A recently discovered fast radio burst appears to pulse on a regular 16-day cycle, marking the first time that scientists have been able to see a specific tempo from any of these mysterious signals.
FRBs are bright pulses of radio emissions—lasting milliseconds, or fractions of a millisecond. In that timeframe, they can discharge as much power as hundreds of millions of Suns.
Known as FRB 180916.J0158 + 65, this fast radio burst (FRB) sends bursts of radio waves for a period of four days, stops for a period of 12 days, and then repeats itself.
The 28 initial patterns were observed for the first time between September 2018 and October 2019, according to a pre-published study. “We conclude that this is the first periodicity detected of any kind in an FRB source,” wrote the researchers in the study.
Most of them spark once, and we have never detected them again.
The FRB in question lies in a star-forming region in the outskirts of a galaxy located around 500 million light-years from Earth—making it the closest known FRB to Earth.

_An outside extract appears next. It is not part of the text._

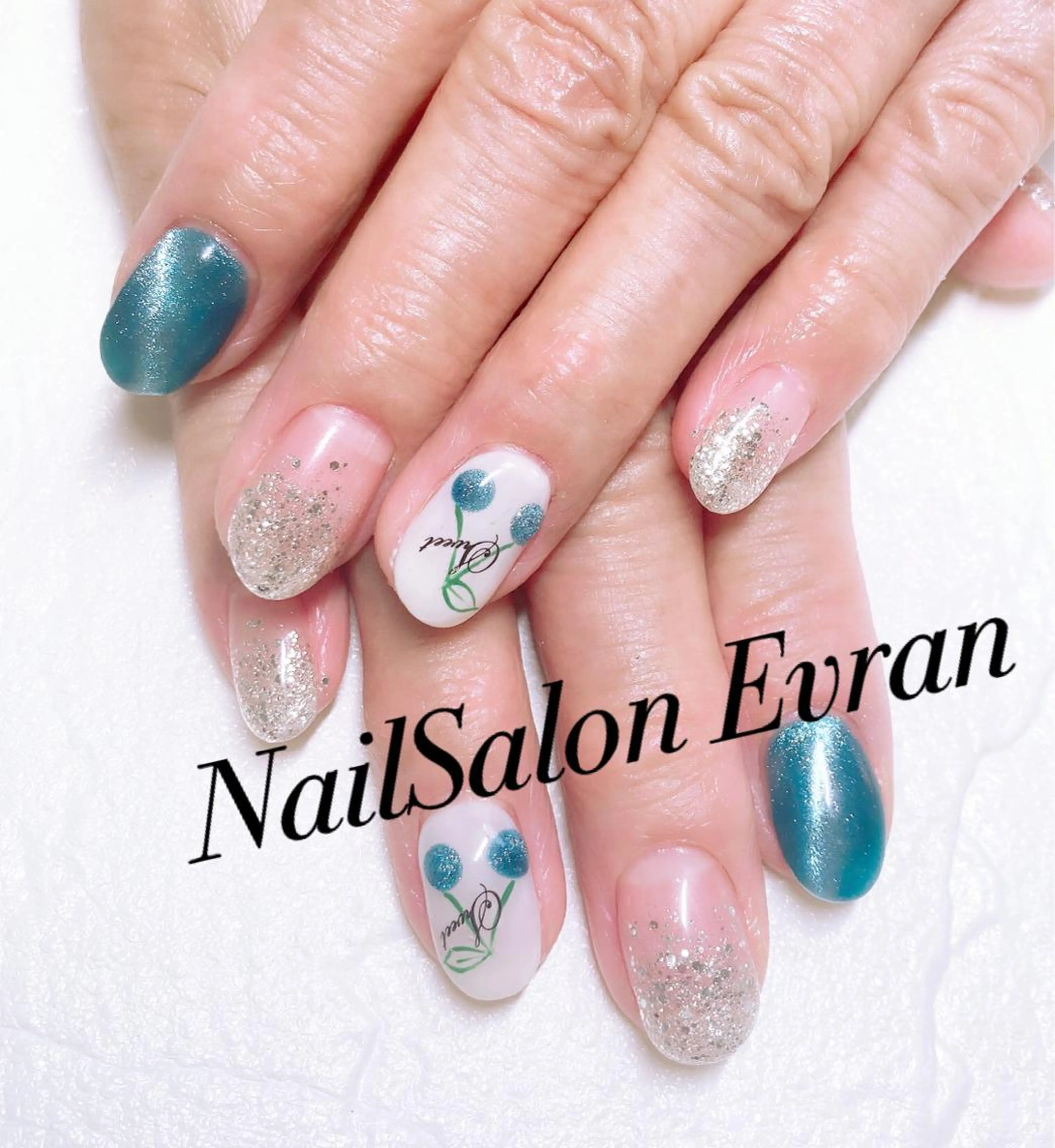 ネイル Nail salon Evranのネイルデザイン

“The found location is radically different from the previously located repeating FRB, but also different from all previously studied FRBs,” said Kenzie Nimmo, a doctoral student at the University of Amsterdam, in a statement. “The differences between repeating and non-repeating fast radio bursts are thus less clear and we think that these events may not be linked to a particular type of galaxy or environment. It may be that FRBs are produced in a large zoo of locations across the universe and just require some specific conditions to be visible.”

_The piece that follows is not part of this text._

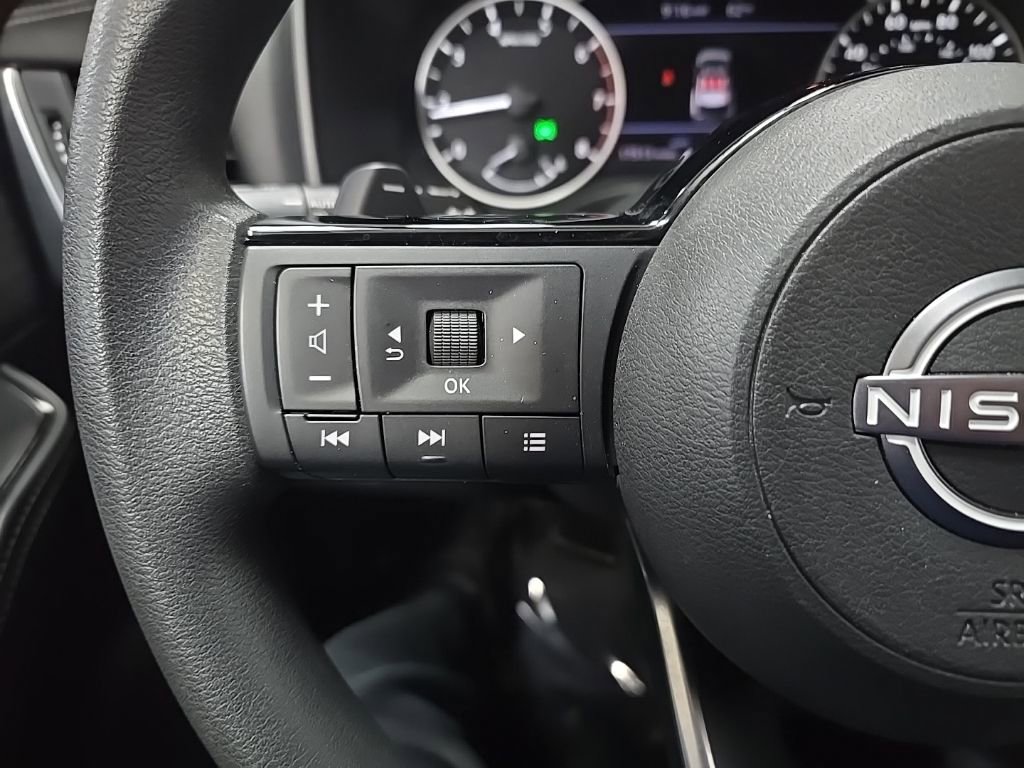 Used 2023 Nissan Rogue SV image 19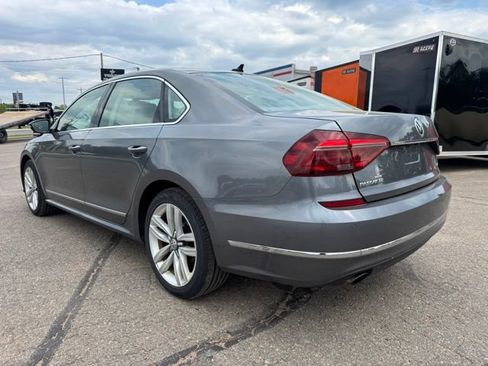 Used 2017 Volkswagen Passat 1.8T SE FWD image 5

“The discovery of a 16.35-day periodicity in a repeating FRB source is an important clue to the nature of this object,” the researchers wrote in their paper.

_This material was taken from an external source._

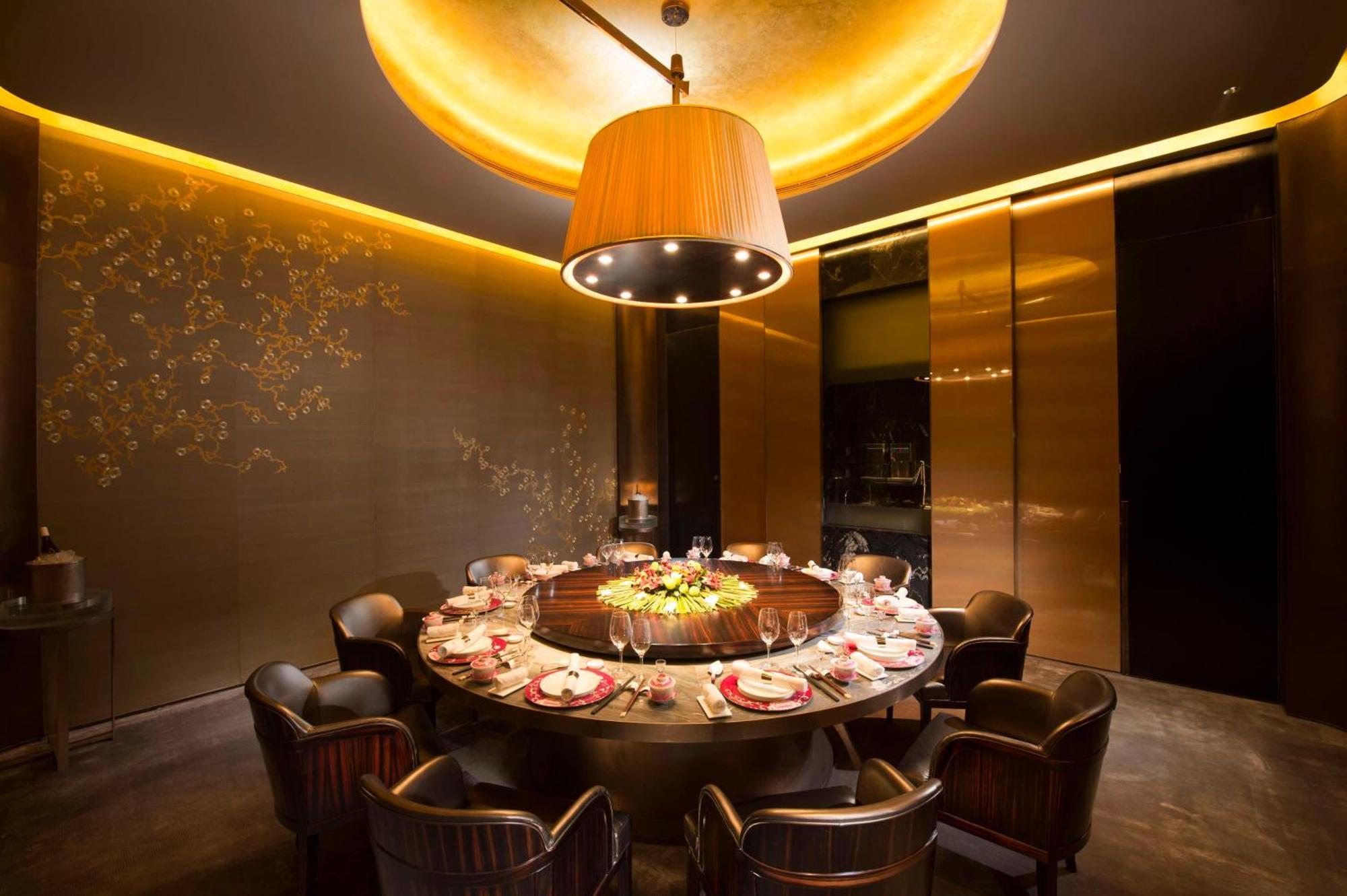 Отель Conrad Beijing By Hilton Экстерьер фото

Other objects that demonstrate periodicity tend to be binary systems – stars and black holes. The period of 16.35 days could be the orbital period, the FRB object facing the Earth only during a certain part of the orbit.
Discovered in 2007, FRBs are relatively new to astronomers and their origins are mysterious. According to ScienceAlert, some of them can generate as much energy as 500 million suns in a few milliseconds.
So, the next step would be, of course, to continue staring at FRB 180916.J0158+65 for a bit. But it also would be pretty interesting to try and see if periodicity can be detected in other bursts as well.
“Future observations, both intensity and polarimetric, and at all wavebands, could distinguish among models and are strongly encouraged,” the researchers wrote, “as are searches for periodicities in other repeaters, to see if the phenomenon is generic.”